There are times when I don't like being a gigantic creature.
On the basketball court, it's something to be proud of. Snatching rebounds away from smaller runts, or using my weight to push big men out of the paint while defending, but when my focus isn't about tossing a spherical ball into a hoop, my size is not one of my most satisfying qualities.
When I was in junior high, there would be times when my rowdy friends and I would keep our mouths jabbing like your classic annoying little punks. Only after so much banter, my 7th grade gym teacher, a bulky monster whose claim to fame was that he had played third-string quarterback for the Dallas Cowboys back in the day when football had just been created would bark out,
“Hey! Do you boys have a problem?”
Hesitantly we would all shake our heads back in fear to him.
“Well you’re gonna have one in a minute that’s 6’3” and 280 pounds if you don’t shut up!” he would yell back.
And yes, at the time I could only imagine what kind of problem it would be if the mammoth would unleash his terror upon us. But as I grew up emotionally, physically, and literally, I have come to realize what the much bigger problem is (pun intended); managing the size that I am, much similar to my gigantic gym teacher of ages back.
Balance is probably one of the main things that I struggle with being as big as I am. I remember the first few times that I made futile attempts at conquering what the world calls snowboarding. I cannot describe how embarrassed I was when my 15-year old little sister was beating me down the slopes as I stumbled, tripped, and rolled down the hill in a massive snowball. I kept my balance about as well as Charlie Sheen stays out of trouble. For being as big as I was it made it difficult to stay on my feet longer than 4.7 seconds, meanwhile little Lunchbox sat in the snow a few feet below me shaking her head in disgust.
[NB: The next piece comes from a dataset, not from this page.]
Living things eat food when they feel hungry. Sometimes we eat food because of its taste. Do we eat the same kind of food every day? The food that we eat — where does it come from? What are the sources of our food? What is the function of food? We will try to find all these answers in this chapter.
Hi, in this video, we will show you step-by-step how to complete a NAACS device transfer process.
The divots would get larger and grander while my butt cheeks got number and raw.
Lunchbox: “You know you’re pretty big when you have to put snow back in the hole that your butt makes when you fall.”
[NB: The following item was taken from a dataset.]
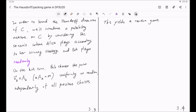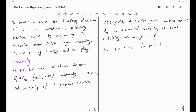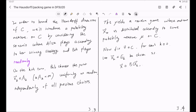This yields a random game whose outcome x_∞ is distributed according to some probability measure mu on C. Now let's fix some element x in C, and for each k greater or equal to zero, let x_k in E_k be chosen such that x is in the ball centered at x_k with radius rho_k.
I said thanks and then felt even bigger as she zoomed down the hill even faster in front of me without falling.
One of the main issues with my size however is how I don't fit anywhere. Front seats, back seats, movie seats, on bicycles, around campfires, in embryos, heck, I don't even fit in my own bed. I look like the character in ‘One Fish, Two Fish, Red Fish, Blue Fish’ whose feet hang off the end while his cranium pokes through the headboard. People mock me for being an anti-midget. I pray that an incredibly large self-esteem comes with the physically issued body I have.
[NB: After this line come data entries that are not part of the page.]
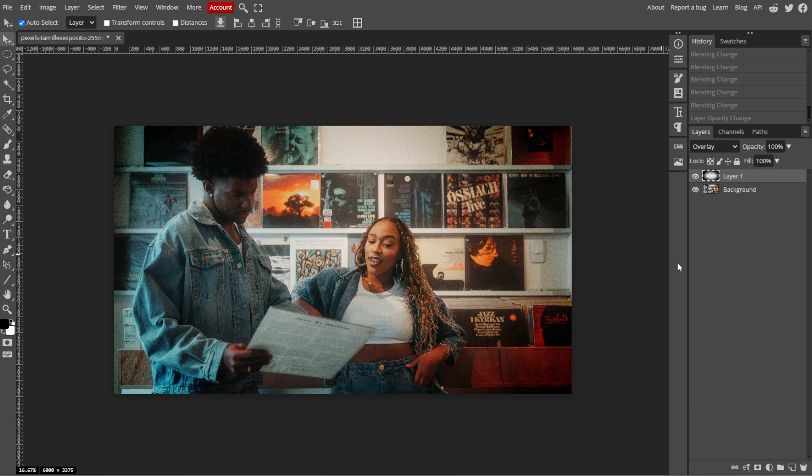Photopea keeps a history of all your actions, but the number of undo steps may depend on your device's memory. If you reach the limit of the undoable actions, older steps may no longer be available for undoing.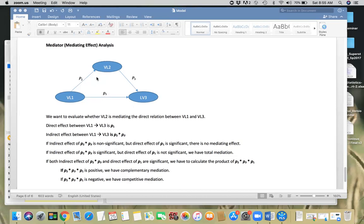Another possible scenario is that both the indirect effect (P2 times P3) and P1 are significant — both indirect and direct effects are significant. In that case, you calculate the product of the indirect effect P2 times P3 and the direct effect P1. If that combination gives you a positive value, we call it complementary mediation. If that combination gives you a negative value, we have competitive mediation. Both indicate partial mediation, not total mediation.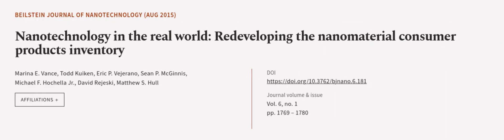This article was authored by Marina E. Vance, Todd Koeken, Eric P. Vejerano, and others.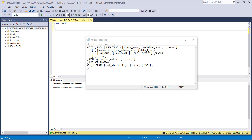This is the syntax for ALTER stored procedure in SQL Server. You have to use the ALTER keyword, then PROC or PROCEDURE, followed by the schema name, your database schema name, and your procedure name. If you want to add a parameter, you can define the parameter with the schema name and data type. Then PROCEDURE options, AS, BEGIN, and END.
Yes, I can change light bulbs without standing on four chairs, and no I don't have to sit on a phonebook or two when parking at the dinner table, so maybe being as big as I am really isn't as bad as it sounds. But when I am on a date and have to bend over, while the girl I'm with has to stand on four chairs and an encyclopedia just to get a goodnight kiss, yeah, I would say that is the epitome of awfulness of being Goliath.
I just hope that she's going in for a kiss rather than trying to slay me with a slingshot.